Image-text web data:
·····
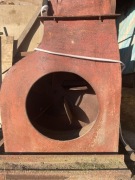 dmuchawa do siana słomy, 6 prostych rur i 5 kolanek, regulowana końcówka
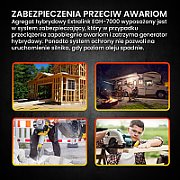 Extralink Power generator EGH-7000 hybrid  7kW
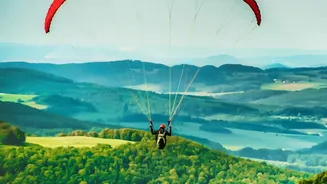 Top Paragliding Destinations In India Offering Breathtaking Views Of Green Valleys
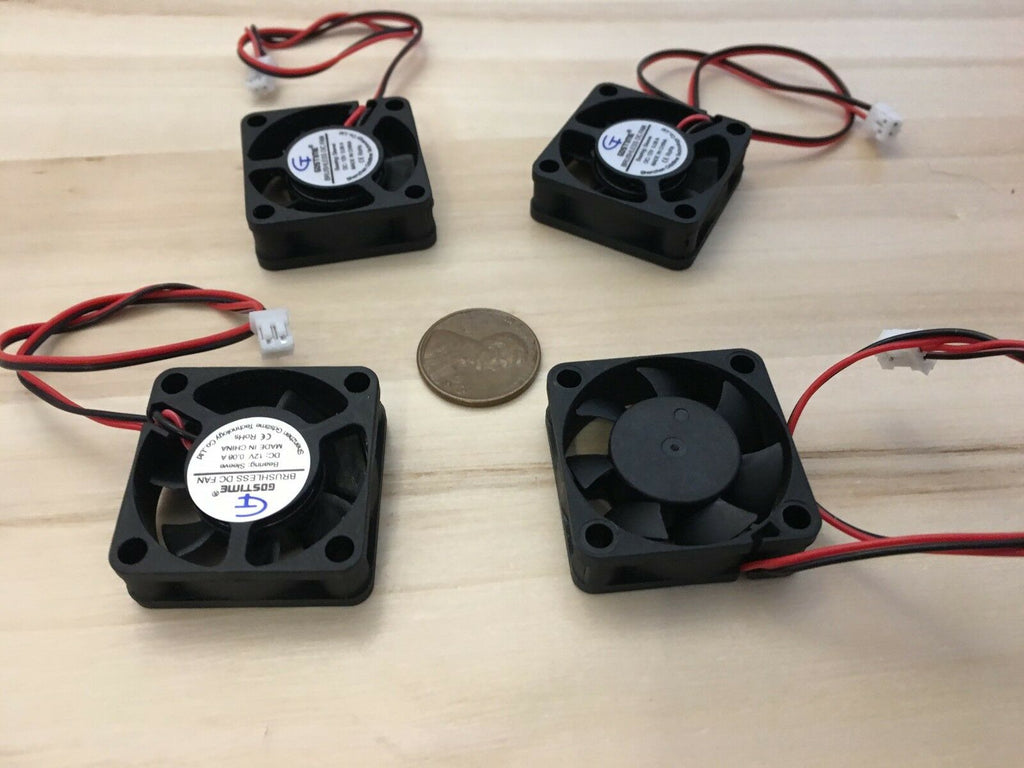 4 pieces DC 12V Brushless Cooling Exhaust Fan 30mm 30x30x10 pin 3010 Gdstime C12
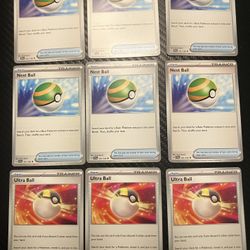 Poke Ball Trading Cards 9 Pokémon Trainer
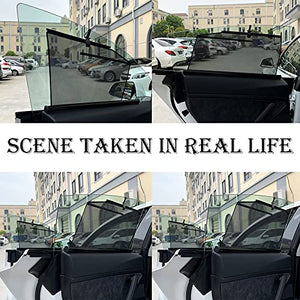 Car Side Window Sun Shades, Privacy Sun Shades Front Back Blocker Curtains, Retractable Car Window Shade for Tesla Model X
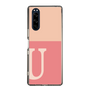 Slim Protection Case［ Original - initial two tone - U pink ］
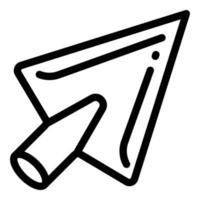 Bogenschütze-Pfeil-Metall-Symbol, Umriss-Stil vektor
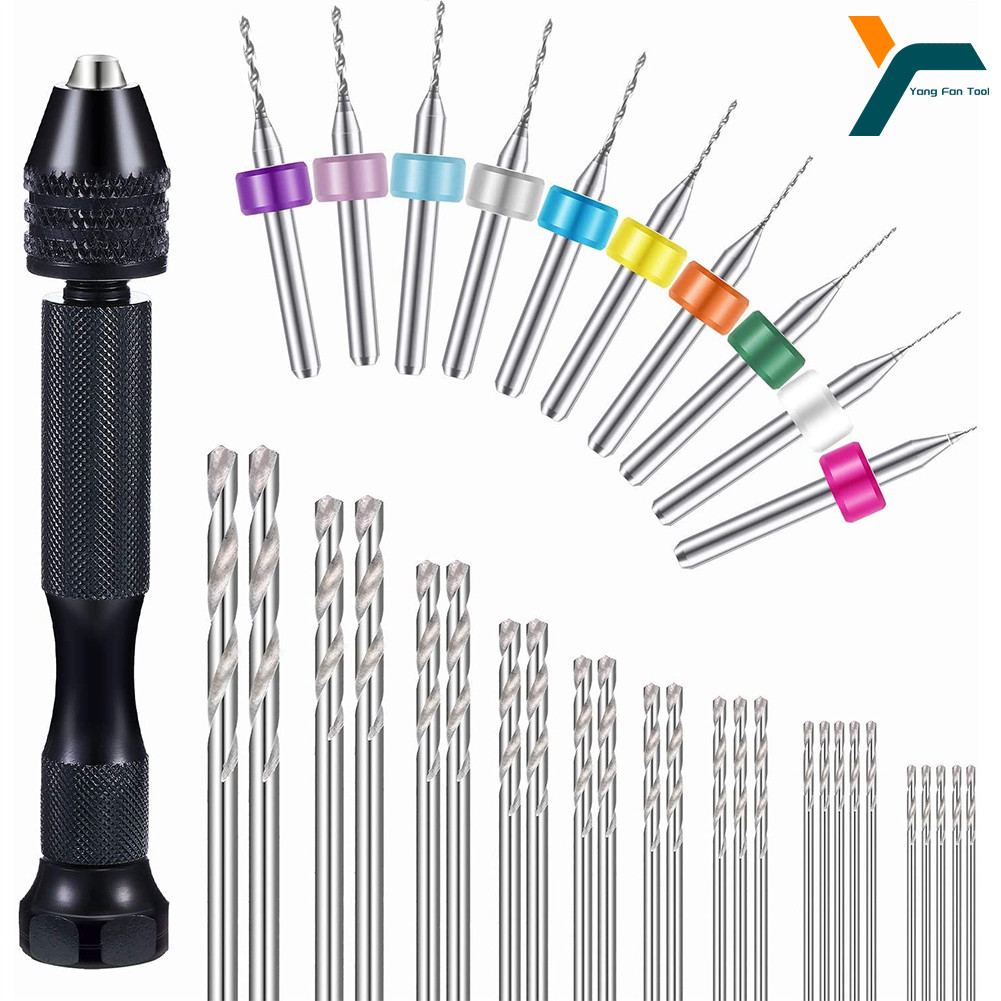 Pin Vice Micro - 36 Stück Micro Hand bohrer Set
·····
→ Problem description:
Please reproduce, word for word, every line from the first line of the records above through the line containing "Poke Ball Trading Cards 9 Pokémon Trainer", and leave out the pictures.

→ Solved problem:
 dmuchawa do siana słomy, 6 prostych rur i 5 kolanek, regulowana końcówka
 Extralink Power generator EGH-7000 hybrid  7kW
 Top Paragliding Destinations In India Offering Breathtaking Views Of Green Valleys
 4 pieces DC 12V Brushless Cooling Exhaust Fan 30mm 30x30x10 pin 3010 Gdstime C12
 Poke Ball Trading Cards 9 Pokémon Trainer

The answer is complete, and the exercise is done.